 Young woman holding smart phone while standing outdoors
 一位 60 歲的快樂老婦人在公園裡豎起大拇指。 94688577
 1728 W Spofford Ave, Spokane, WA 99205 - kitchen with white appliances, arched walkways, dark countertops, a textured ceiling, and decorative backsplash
--------
Directions: Give back every line above, unchanged.

Response to this exercise:
 Young woman holding smart phone while standing outdoors
 一位 60 歲的快樂老婦人在公園裡豎起大拇指。 94688577
 1728 W Spofford Ave, Spokane, WA 99205 - kitchen with white appliances, arched walkways, dark countertops, a textured ceiling, and decorative backsplash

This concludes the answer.